Consistent and fair enforcement of state voting laws
(a) Prohibition on selective enforcement of voting laws: No individual’s opportunity to vote in an election for federal office may be restricted unless the restriction is authorized by state or federal law and unless the state or federal law that is the basis for the restriction is consistently enforced across the state where the individual intends to vote.
(1) Opportunity to vote: The term “opportunity to vote” in subsection (a) includes the ability to register to vote and the right to have one’s vote counted. The term “have one’s vote counted” means all actions necessary to have a vote included in the appropriate totals of votes cast with respect to candidates for public office for which votes are received in an election and reflected in the certified vote totals by any government responsible for tallying or certifying the results of elections for federal office.
(2) Restrictions on voting: An individual shall be considered to face a restriction on their opportunity to vote if any policy or practice makes it more difficult to exercise their opportunity to vote, regardless of whether other factors may contribute to the additional difficulty.
(3) Consistent enforcement: As used in subsection (a), the phrase “consistently enforced across the state” means:
(A) In the case of a restriction that does not deny an individual the opportunity to vote, that the policy or practice restricting the individual’s opportunity to vote is enforced with regard to at least 90 percent of voters in the state and that any lapse in enforcement for the remaining 10 percent of voters serves a legitimate administrative purpose and is not intended to influence the outcome of the election.
(B) In the case of a restriction that denies an individual the opportunity to vote, that the policy or practice that denies the individual’s opportunity to vote is enforced with regard to all other voters in the state.

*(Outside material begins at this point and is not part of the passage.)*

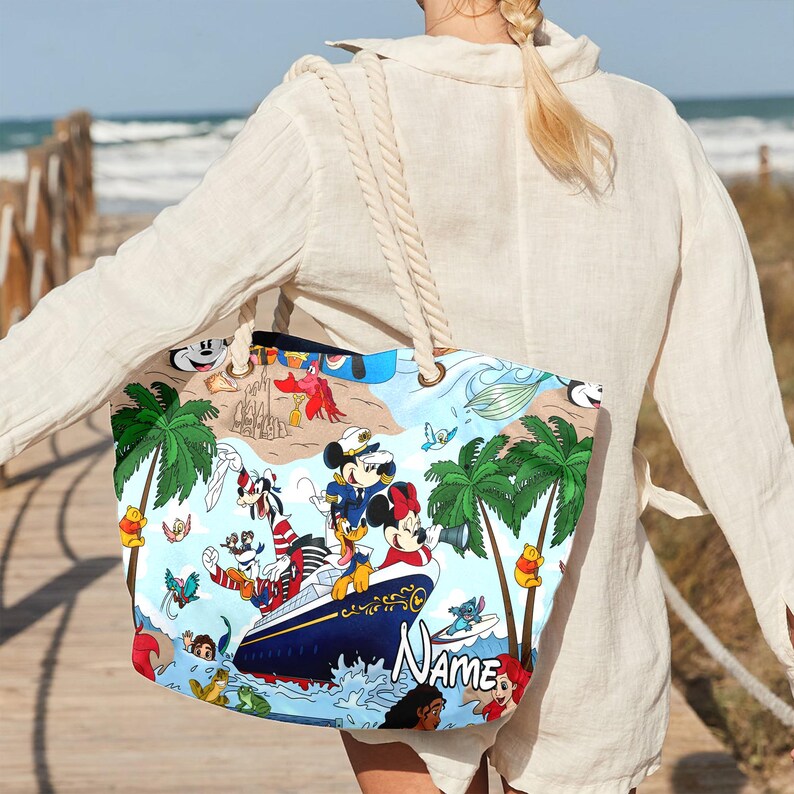 May include: A colorful tote bag with a nautical theme featuring Mickey Mouse and other Disney characters. The bag has a blue and white striped design with palm trees and a cruise ship. The text "Name" is printed on the bag.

(4) Elections for federal office: The terms “election” and “federal office” have the meanings given to such terms in Section 301 of the Federal Election Campaign Act of 1971 (52 U.S.C. 30101).
(c) Exception for voters facing unusual obstacles: Nothing in this section shall be read to preclude state and local officials from helping voters who face unusual obstacles to their opportunity to vote from overcoming those obstacles in order to have a more equal opportunity to vote. Voters who do not face the same obstacles shall not be entitled, under this section, to the same accommodations.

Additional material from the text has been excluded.